Au final, l’impression est en demi-teintes et pourrait être résumée dans une promesse pas complètement tenue. Delphine et Muriel Coulin suivent avec empathie et tendresse le gynécée adolescent – les jeunes interprètes toutes plus jolies les unes que les autres ont toute une présence incontestable à l’écran. Filmées à la fois en groupe mais aussi dans la solitude de leur chambre, sorte de cellule protectrice à l’écart du monde des parents, les lycéennes échafaudent de manière réfléchie et intelligente leur curieux projet jusqu’à provoquer la stupeur de leur entourage, ce qui donne prétexte à une scène croustillante de réunion de profs où chacun(e) y va de son avis.

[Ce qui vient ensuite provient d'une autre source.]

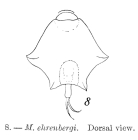 Lepadella ehrenbergii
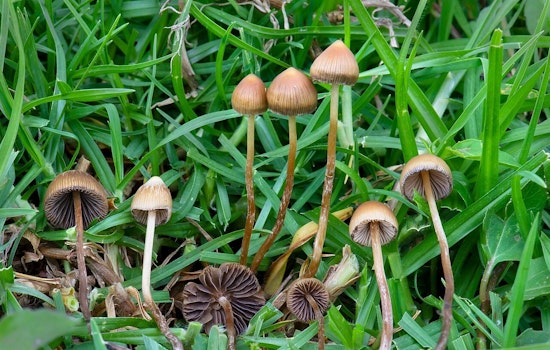 King County Council Tells Cops To Stand Down On Magic Mushrooms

 l’actif du film, outre son casting, il faut mettre la qualité de la photo, de la lumière et des cadres. La caméra serre au plus près visages et ventres en plein épanouissement des jeunes filles, mais elle capte tout aussi bien la géométrie rectiligne et déshumanisée de la ville portuaire avec les motifs récurrents de la ligne brisée. La ville bretonne détruite durant la Seconde guerre mondiale, puis reconstruite sans inventivité, devient le miroir et le réceptacle de la vacuité existentielle des adolescentes, même si elles ne la perçoivent ou la verbalisent pas forcément. Néanmoins, 17 filles évite judicieusement l’écueil psychologique, se refusant à identifier ou expliciter les motifs des agissements des lycéennes, si tant est d’ailleurs qu’ils existent.
Le film se déroule dès lors comme l’exposition détaillée des étapes du dessein collectif, qui soude autant les adolescentes qu’il les isole. Mais en décollant de plus en plus du réel le programme du groupe et en ne lui associant aucun enjeu politique, 17 filles finit par s’ensabler dans les plages de la ville, territoire attitré des retrouvailles et des fêtes nocturnes, faute de parvenir à dépasser le strict périmètre de la vie quotidienne des mères en devenir. Du coup, le projet fou s’aplatit comme une crêpe pour se réduire à un caprice, voire un délire, d’ados irresponsables – la consommation de tabac, de cannabis et d’alcool plaide hélas pour cette option.
S’il existe sans conteste un regard et un talent à filmer chez les sœurs Coulin, il est moins probant qu’elles soient en mesure de tenir la distance, comme si elles se retrouvaient empêtrées d’un scénario inapte à se développer, occasionnant des séquences agréables (la leçon de conduite, notamment), mais inutiles au récit qui s’éparpille peu à peu. Bien sûr, l’ombre tutélaire de Sofia Coppola (Virgin Suicides) plane mais on pense aussi à Naissance des pieuvres de Céline Sciamma qui offrait un traitement plus singulier. Ici, on frôle parfois la facilité dans la répétition paresseuse de plans esthétisants, témoignant encore une fois d’une certaine qualité formelle de l’ensemble.